Özbekistan ve Kazakistan sınırları içerisinde yer alan Aral gölü, bir dönem sahip olduğu 68.000 km² yüz ölçü ile dünyanın dördüncü büyük gölüydü. Günümüzde sahip olduğu su kapasitesinin yaklaşık % 90’ını kaybeden Aral gölü, eski günlerinden çok uzak bir görüntü sunuyor. Aral gölü, 2,6 milyon yıl önce, neojen periyodun sonlarında meydana gelmiştir. Gölün bulunduğu ovadaki oyuklar, jeolojik dönem boyunca Seyhun nehrinden akan sularla hızla dolmaya başlar. Oluşumun kapladığı alanın büyük bir kısmı Özbekistan sınırları içerisinde yer alıyor. Ceyhun, Seyhun ve Zerevşan nehirleri ile havzasını tamamlayan göl, gün geçtikçe şiddetli bir kuraklık ile karşı karşıya.
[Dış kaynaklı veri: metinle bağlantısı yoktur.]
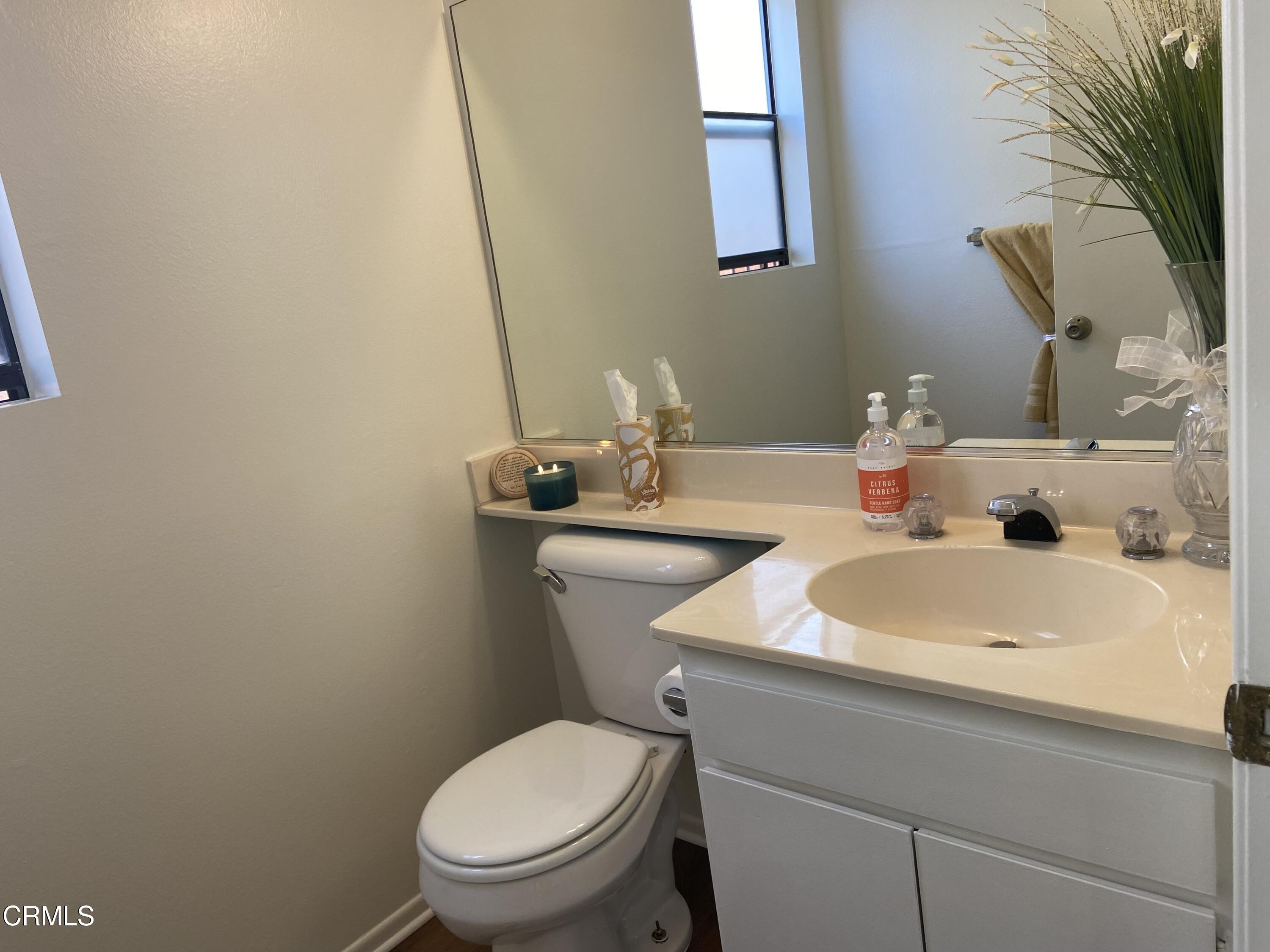 4465 Pine Ridge Court Moorpark, CA 93021 - Photo 20 of 22 a bathroom with a sink and a toilet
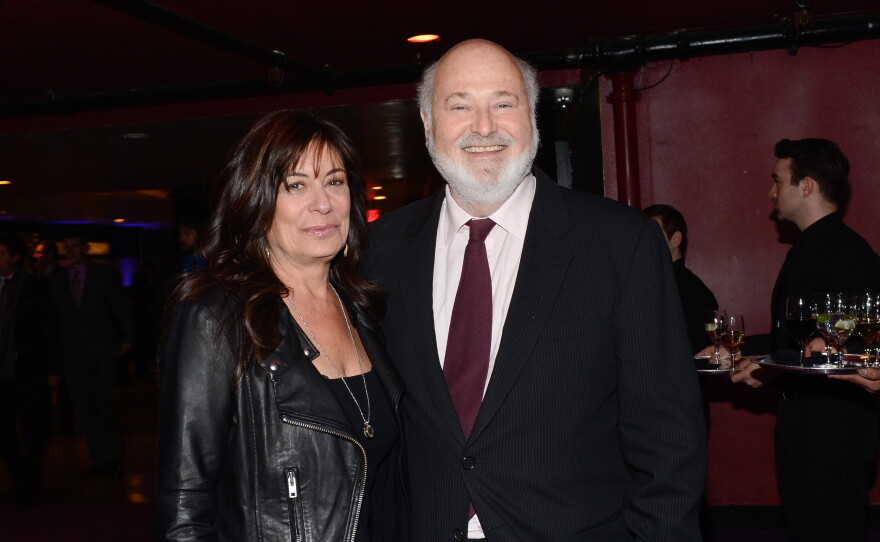 FILE - Actor Rob Reiner and his wife, Michele Singer, arrive for an event on Dec. 17, 2013, in New York.
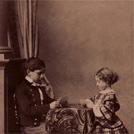 Two children playing cards
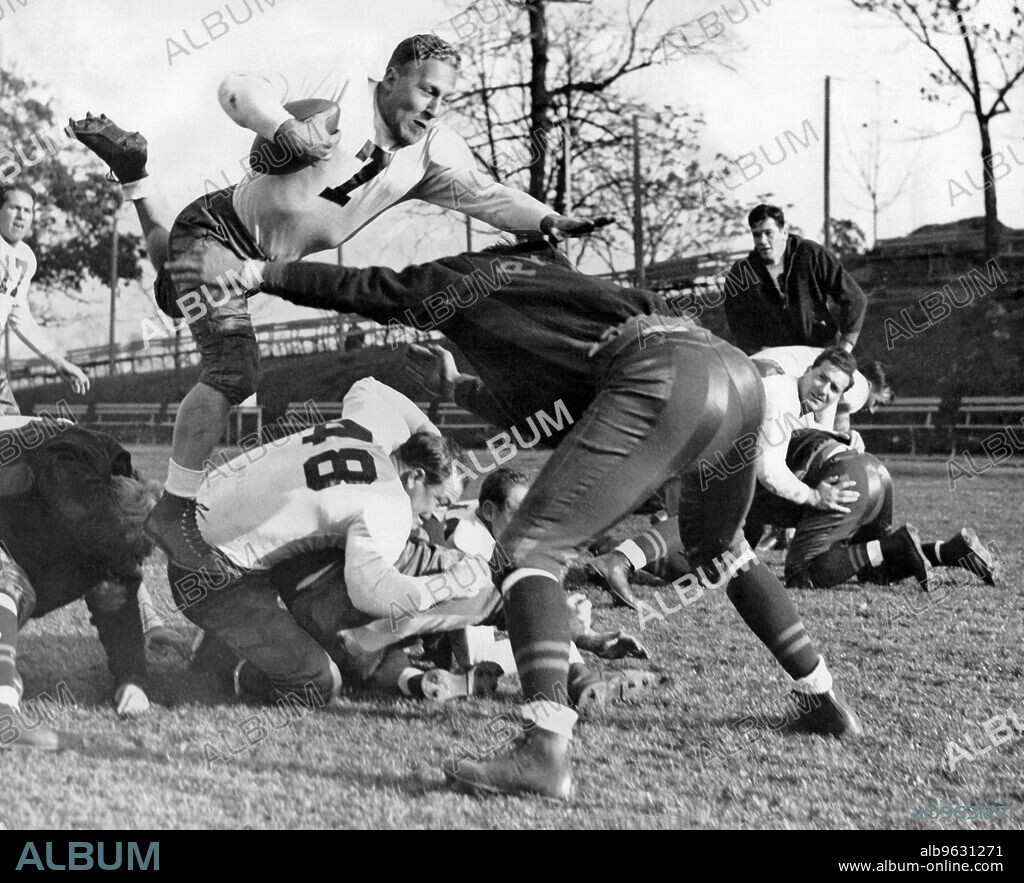 New York, New York, November 23, 1938 Eddie Jankowski and his Green Bay Packers team practicing for their Sunday football game with the New York Giants.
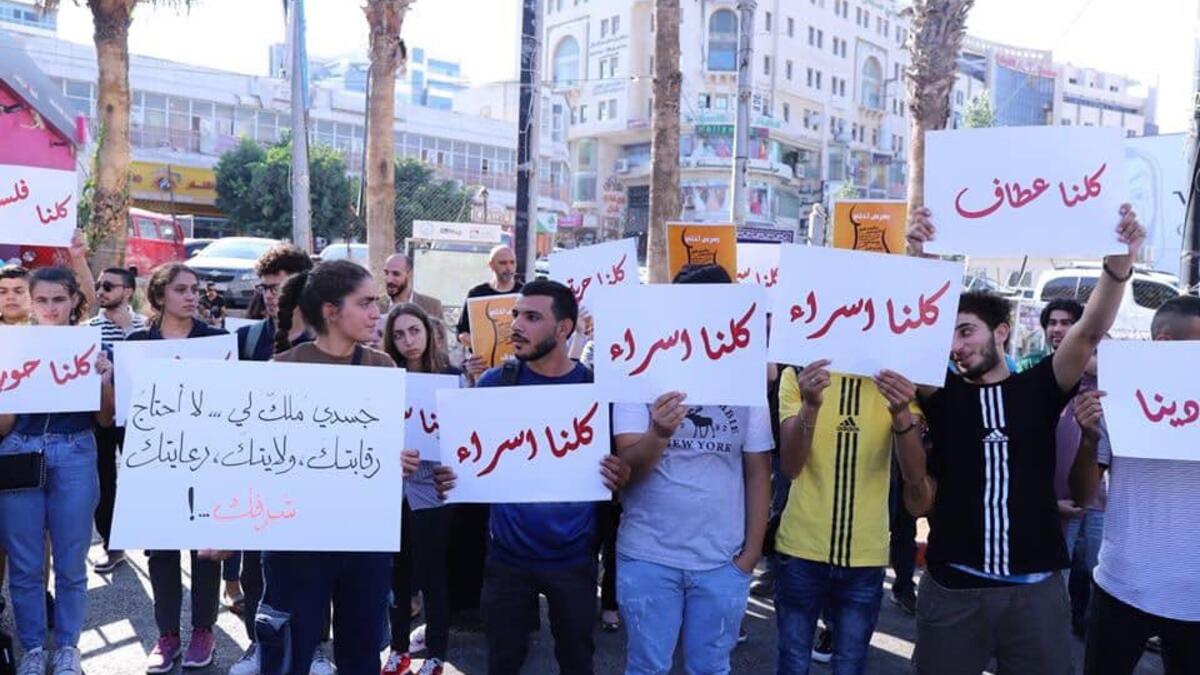Arabic slogans on placards call for an end to violence against women and introducing a law for family protection against domestic violence."  (Twitter)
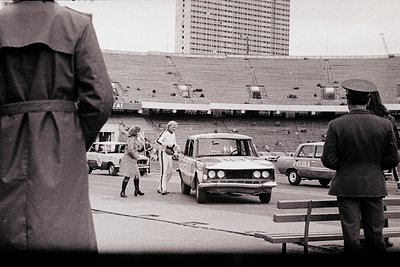 A street scene featuring a 1970s-era sedan and a woman in a long coat, likely in Eastern Europe. A uniformed officer observes...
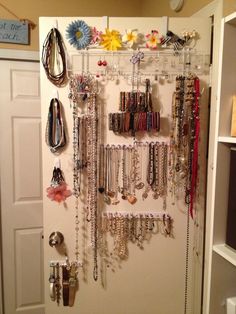 a wall mounted jewelry rack filled with lots of necklaces and bracelets on it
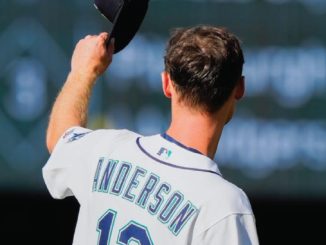Baseball player facing away, lifting his cap in celebration on the field, jersey reads 'ANDERSON' and number 12 on the back.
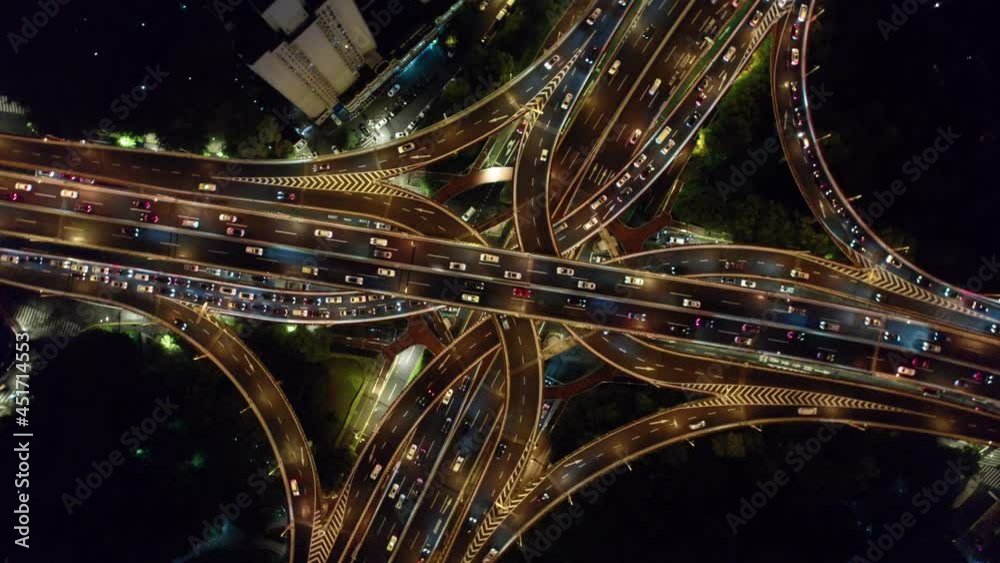 At night, cars flow on the city overpass At night, cars flow on the city overpass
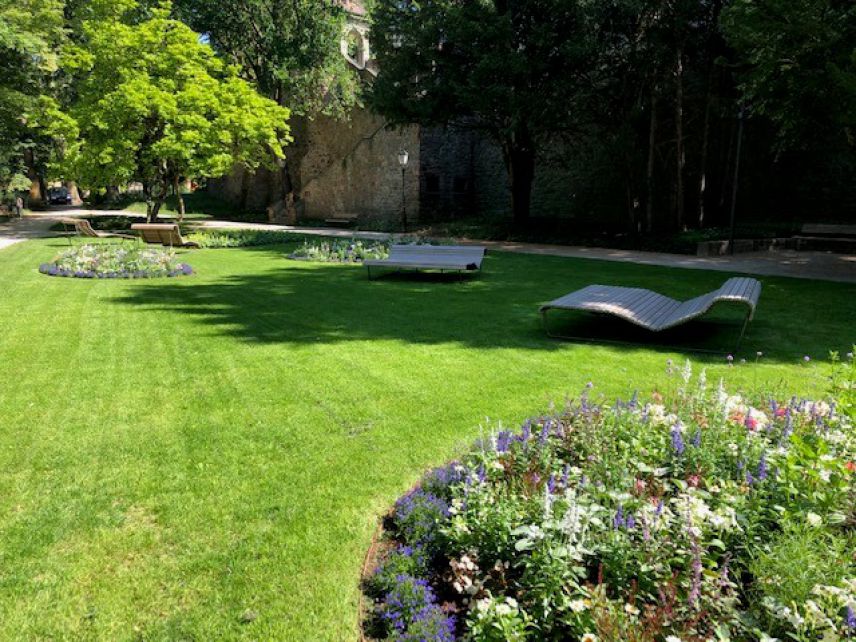 Bänke im Zwingerpark zum kühlenden Aufenthalt an heißen Tagen. Quelle: Stadt Offenburg Park mit angelegter Rasenfläche und Liegebänken aus Holz, die im Baumschatten stehen.
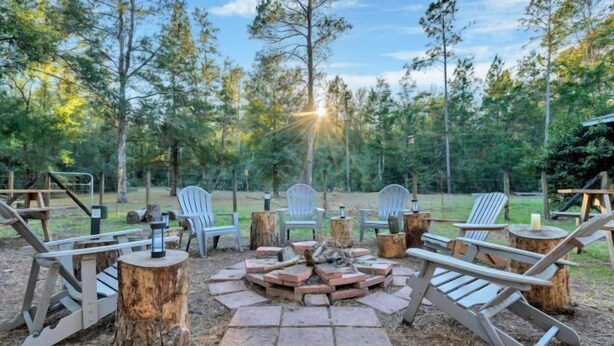 A fire pit surrounded by Adirondack chairs in a forested area. - Bnb Hyperion 4B2B Home w Firepit, Hot Tub & Pond (Eustis)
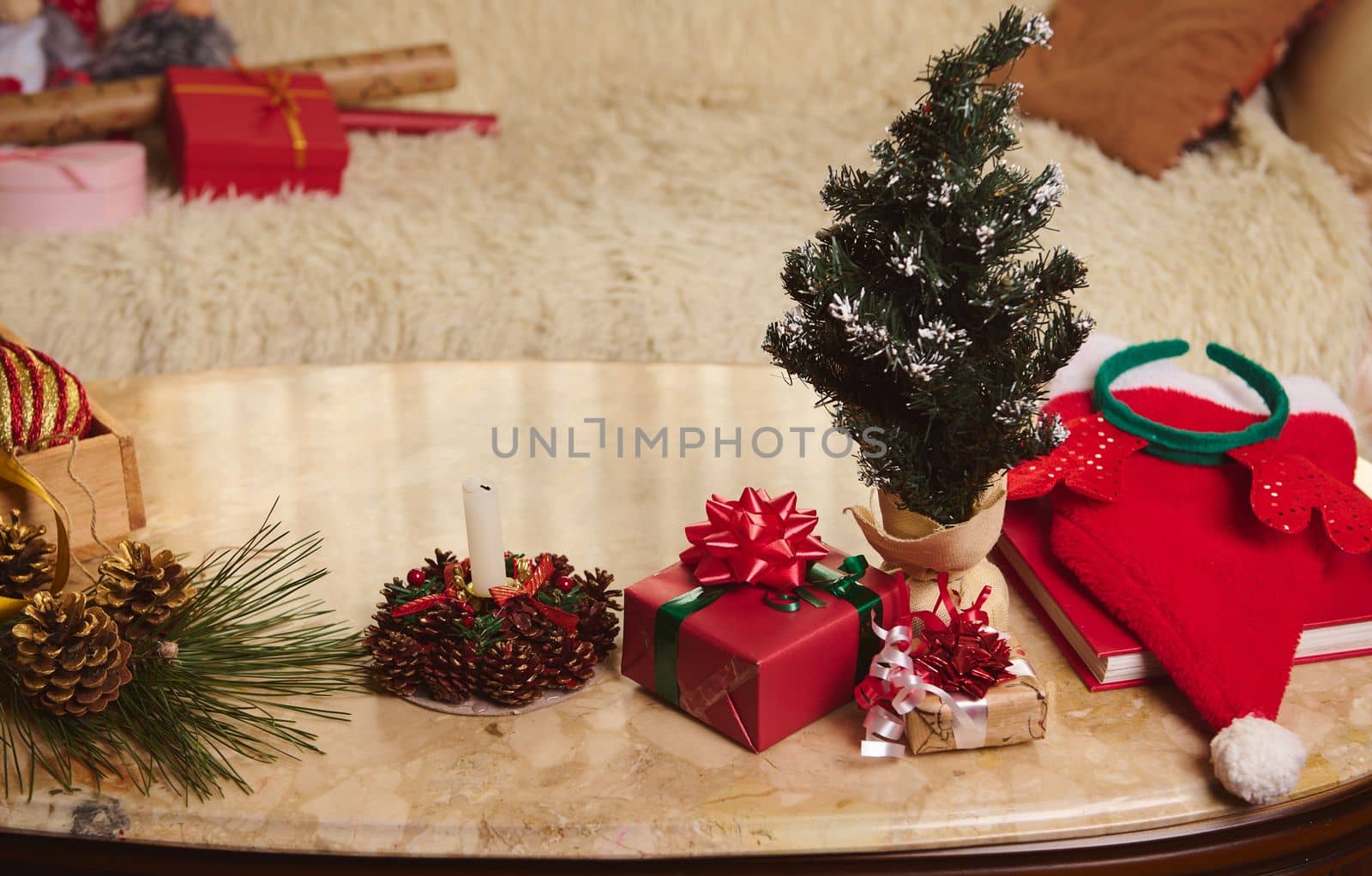 View from above of a marble table with happy gifts, decorated Christmas tree, lighted candle. New Year preparations. Happy winter holidays. Magic mood. Wiring shot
Aral gölü, kuzey ve güney olarak iki kısımdır. 2003 yılında gölün batı ve doğu istikametinde de ayrılmaya başladığı gözlemlenmiştir. Güney Aral gölü en hızlı küçülen noktadır. Bunun nedeni, göldeki suyun kirlenmesi ve tuz miktarının da artmasıdır. Yaşanan şiddetli kuraklıktan dolayı gölün doğal ekosistemi bugün tamamen çökmüş durumda. Kazakistan tarafına inşa edilen Kök-Aral barajıyla mevcut su seviyesi 30 metreden 42 metreye yükseltilmiştir. Ek su takviyesi ile tuzluluk oranı düşmüş ve büyüyen göl sahasında balıkçılık faaliyetlerinde artış yaşanmıştır. Aral gölü, Orta Asya’daki devletlerin geleceğe taşımak için mücadele ettikleri bir coğrafi mirastır. Karakum, Kızılkum ve Üstyurt çölleriyle çevrili bu tarihi su kaynağının varlığını devam ettirmek için bölgedeki Ülke yönetimleri birer acil eylem planı oluşturdular. Bu plan dahilinde gölden tarımsal faaliyet için su çekilmesinin yasaklanması, etrafındaki çölleşmenin yavaşlatılması ve ekosisteminin koruma altına alınması da var.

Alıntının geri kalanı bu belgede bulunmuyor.